Hi everyone, this is my first post here, but I've been lurking for a while. I've been keeping fish off and on for 20+ years, but recently decided to get more into planted aquariums. I bought Diana's book and have read most of it.

OK, on to the question. I ordered an All Glass triple tube T8 strip light for my 55 gallon el natural project. The problem was that it was on back order. So yesterday, I changed my order to a Hagen GLO T5 dual strip w/ 2x54w T5HO blubs.

Now, after a bunch more research I realize I should have just ordered the version with a single 54w T5HO. I would like to get your input on this. Should I just stay with the 2x54w and have a bunch of floating plants, shorter photo period etc? Will I have major algae problems no matter what?


----------



## Michael (Jul 20, 2010)

One T5HO is all you need on a 55 gallon. If you go with the two tube fixture, floating plants will help. You can also raise the fixture above the top of the tank; 4" to 6" should put you back in the medium range.


----------



## dundee (Jan 18, 2011)

Thanks for the quick reply Michael. I've thought about raising it up and going with a bunch of floating plants. It would be pretty cool too.

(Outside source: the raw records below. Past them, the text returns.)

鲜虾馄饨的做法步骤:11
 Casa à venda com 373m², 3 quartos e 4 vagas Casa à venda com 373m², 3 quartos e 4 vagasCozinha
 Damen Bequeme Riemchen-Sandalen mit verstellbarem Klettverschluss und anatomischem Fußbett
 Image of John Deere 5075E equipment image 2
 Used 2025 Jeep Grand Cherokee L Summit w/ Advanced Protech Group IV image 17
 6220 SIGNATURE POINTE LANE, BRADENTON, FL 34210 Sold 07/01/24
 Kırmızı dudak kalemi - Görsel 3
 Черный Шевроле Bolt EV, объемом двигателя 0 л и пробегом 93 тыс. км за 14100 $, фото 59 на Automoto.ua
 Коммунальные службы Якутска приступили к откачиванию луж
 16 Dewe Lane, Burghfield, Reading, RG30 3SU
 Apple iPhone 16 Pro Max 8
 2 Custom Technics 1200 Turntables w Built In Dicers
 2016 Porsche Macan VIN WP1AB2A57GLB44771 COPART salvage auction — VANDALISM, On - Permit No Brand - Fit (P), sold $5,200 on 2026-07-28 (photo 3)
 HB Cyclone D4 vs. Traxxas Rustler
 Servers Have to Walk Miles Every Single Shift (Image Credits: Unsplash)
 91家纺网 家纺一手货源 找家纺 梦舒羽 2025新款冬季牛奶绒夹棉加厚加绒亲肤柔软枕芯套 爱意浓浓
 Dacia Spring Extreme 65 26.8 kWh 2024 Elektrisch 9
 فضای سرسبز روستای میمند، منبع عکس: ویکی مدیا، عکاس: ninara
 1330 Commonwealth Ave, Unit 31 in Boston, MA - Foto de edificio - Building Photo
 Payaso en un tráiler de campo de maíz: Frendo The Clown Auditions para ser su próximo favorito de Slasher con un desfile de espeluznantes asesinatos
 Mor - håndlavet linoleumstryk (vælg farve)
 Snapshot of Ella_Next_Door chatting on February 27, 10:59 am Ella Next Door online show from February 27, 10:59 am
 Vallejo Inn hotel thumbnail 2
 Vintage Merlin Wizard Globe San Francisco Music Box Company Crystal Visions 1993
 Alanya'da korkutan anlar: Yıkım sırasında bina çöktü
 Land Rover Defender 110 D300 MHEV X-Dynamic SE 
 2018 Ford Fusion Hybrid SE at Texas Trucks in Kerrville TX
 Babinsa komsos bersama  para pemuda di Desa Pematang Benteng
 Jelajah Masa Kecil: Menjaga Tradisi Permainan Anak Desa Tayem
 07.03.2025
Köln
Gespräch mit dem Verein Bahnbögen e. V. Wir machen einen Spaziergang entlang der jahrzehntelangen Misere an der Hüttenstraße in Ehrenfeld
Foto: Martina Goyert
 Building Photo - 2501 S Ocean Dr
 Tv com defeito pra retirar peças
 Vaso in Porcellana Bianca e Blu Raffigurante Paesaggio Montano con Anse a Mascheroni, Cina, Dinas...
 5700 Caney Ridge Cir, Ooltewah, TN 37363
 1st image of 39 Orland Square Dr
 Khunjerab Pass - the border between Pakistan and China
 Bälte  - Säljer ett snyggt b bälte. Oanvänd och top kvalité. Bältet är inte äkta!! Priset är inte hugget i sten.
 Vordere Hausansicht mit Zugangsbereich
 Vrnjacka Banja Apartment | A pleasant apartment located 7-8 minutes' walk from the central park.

Also, I might be able to just run one tube in this fixture or overdrive a couple T5NOs for reduced lighting. As soon as I get the thing I'm going to open it up and look at the ballast to see if it's safe to run a single tube.

What about running a one of those actinic bulbs with a 6700k. Will that effectively reduce the usable light?

Maybe I should have posted this in the Lighting section... LOL


----------



## Michael (Jul 20, 2010)

dundee said:


> What about running a one of those actinic bulbs with a 6700k. Will that effectively reduce the usable light?


Yes, it probably would, but it is hard to know how much. Yet another question for the PAR meter!

Glad to help,
Michael


----------



## JeffyFunk (Apr 6, 2006)

I think 2x54w T5HO bulbs will be fine. I have a 75 gallon tank that has similar dimensions to a 55 gallon tank (it's 18'' deep vs 12'' deep and, most importantly, also 22'' tall) and I use 2x54w T5HO bulbs. My lighting fixture is raised ~6'' above the water level, though, because I have my TEK light fixture suspended. This tank does not get any outside light. The most important aspect of your tank, IMHO, is the depth; Because 55 gallon tanks are taller than normal tanks (22''), you're going to need more light to effectively penetrate to the bottom of the tank. (I always struggled growing plants in that tank until I updated the lighting from T8 to T5HO.)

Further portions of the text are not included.